| EXERCISE |
Please keep pictures out and return the lines below exactly, from the one holding "COCO DESIGN Small Wine Cabinet - Image 5" through the last, both included.

(Image-text web data)
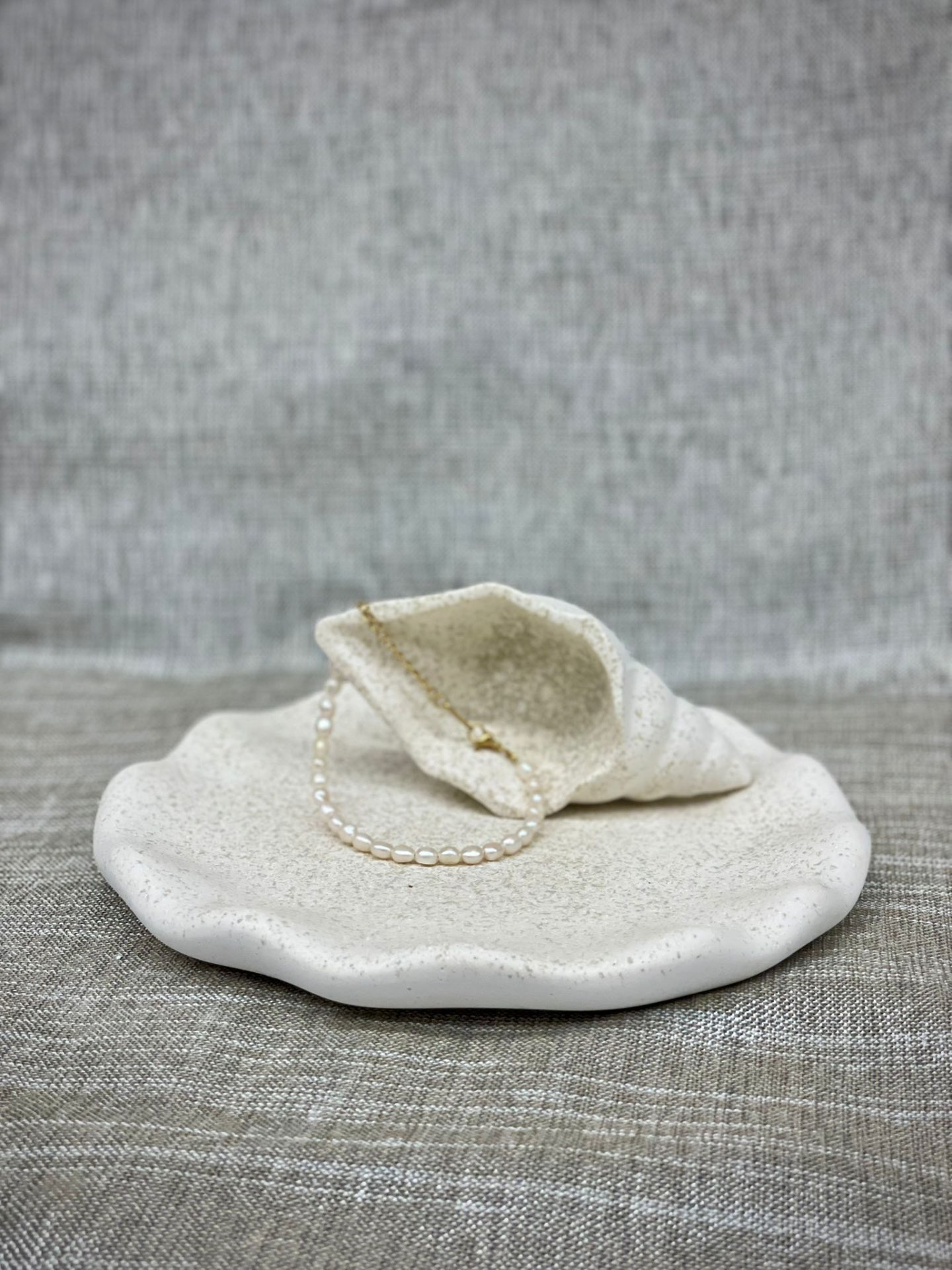 מגש עם קונכיה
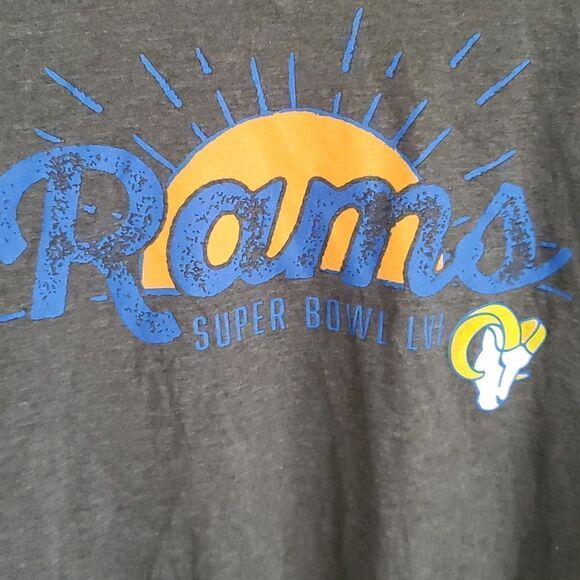 Los Angeles Rams Football Super Bowl LVI Women's Shirt NWT Size L - Picture 2 of 9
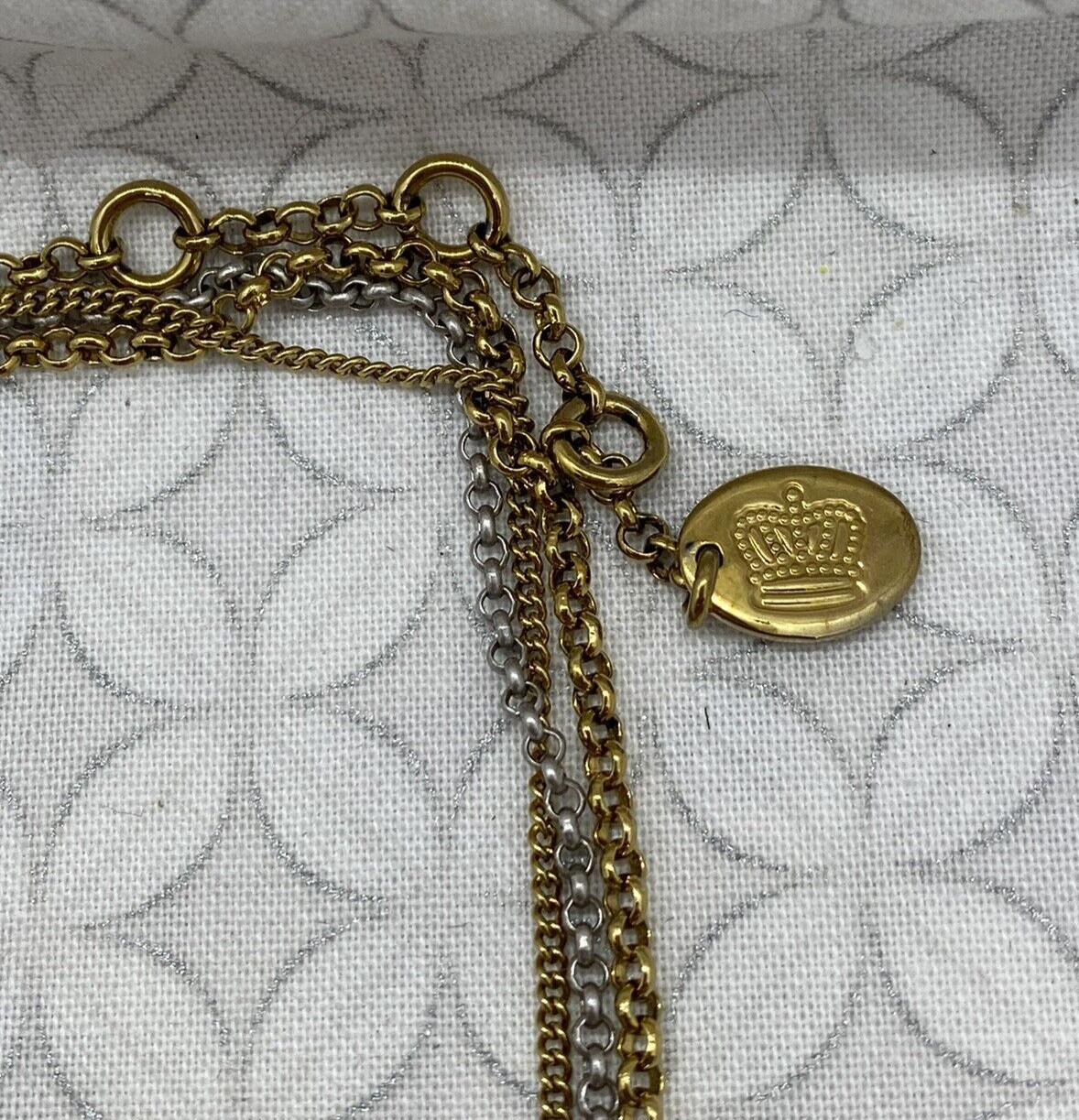 Juicy Couture Let Them Eat Couture Heart Bracelet Multi strand Necklace Set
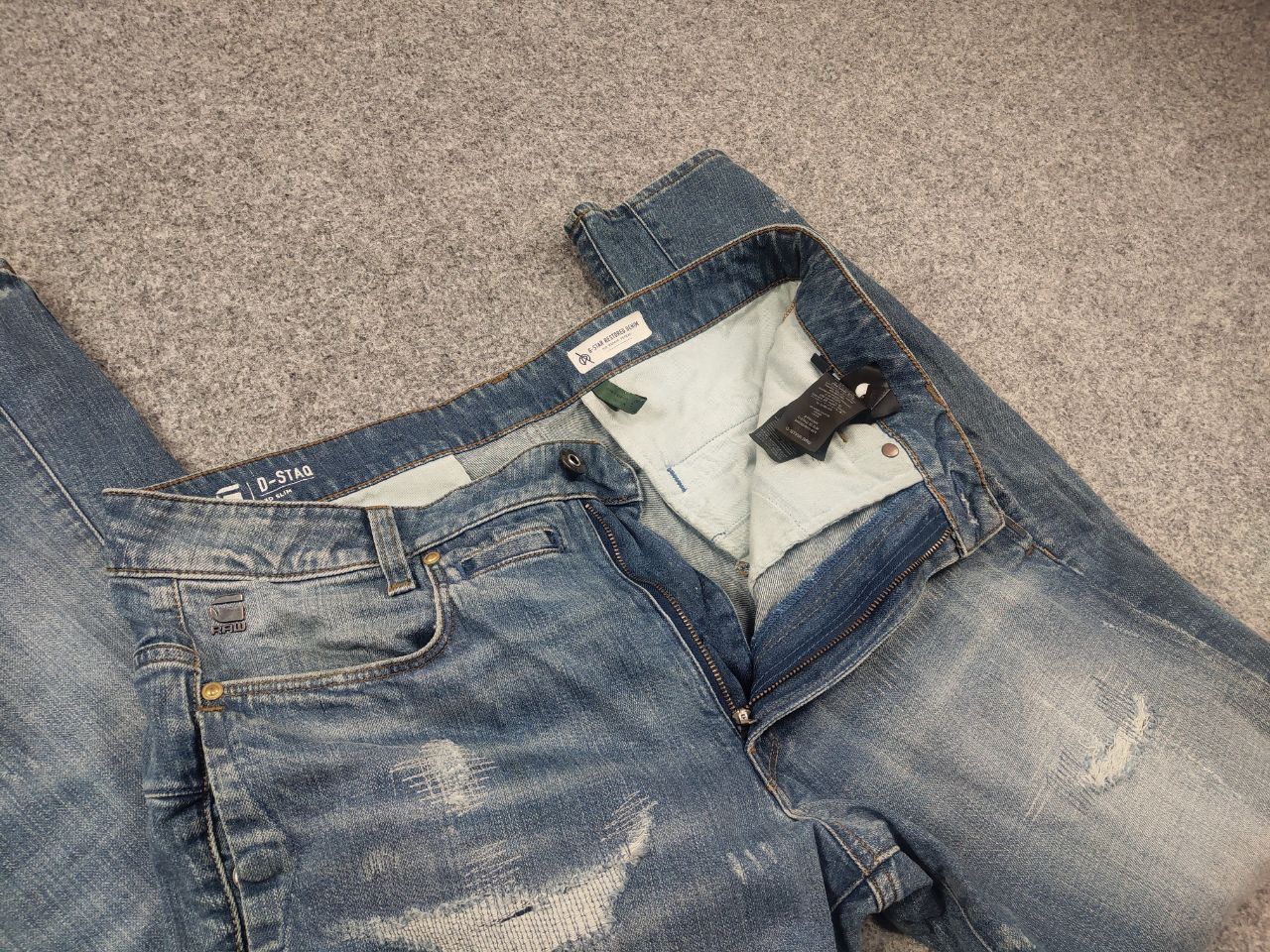 G-Star G Star raw d'staq 3d Slim Restored denim jeans Vintage Stule Size US 33 - 13 Thumbnail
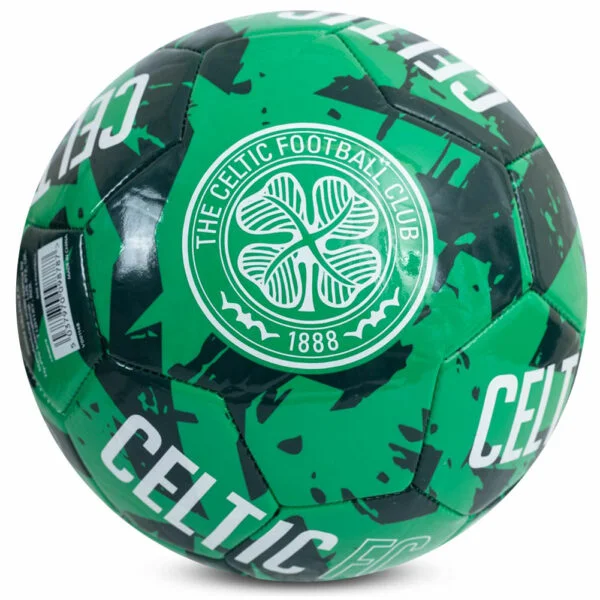 Football With Neon Colors-Celtic FC Graffiti Football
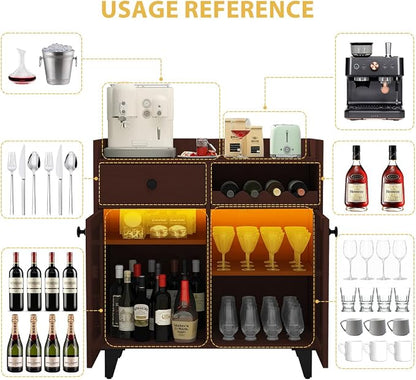 COCO DESIGN Small Wine Cabinet - Image 5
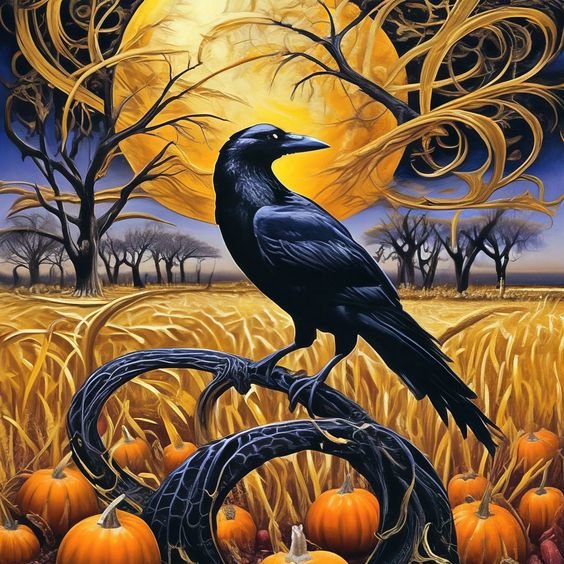 Ворон. Сюрреализм - оригинал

| PROBLEM SOLUTION |
 COCO DESIGN Small Wine Cabinet - Image 5
 Ворон. Сюрреализм - оригинал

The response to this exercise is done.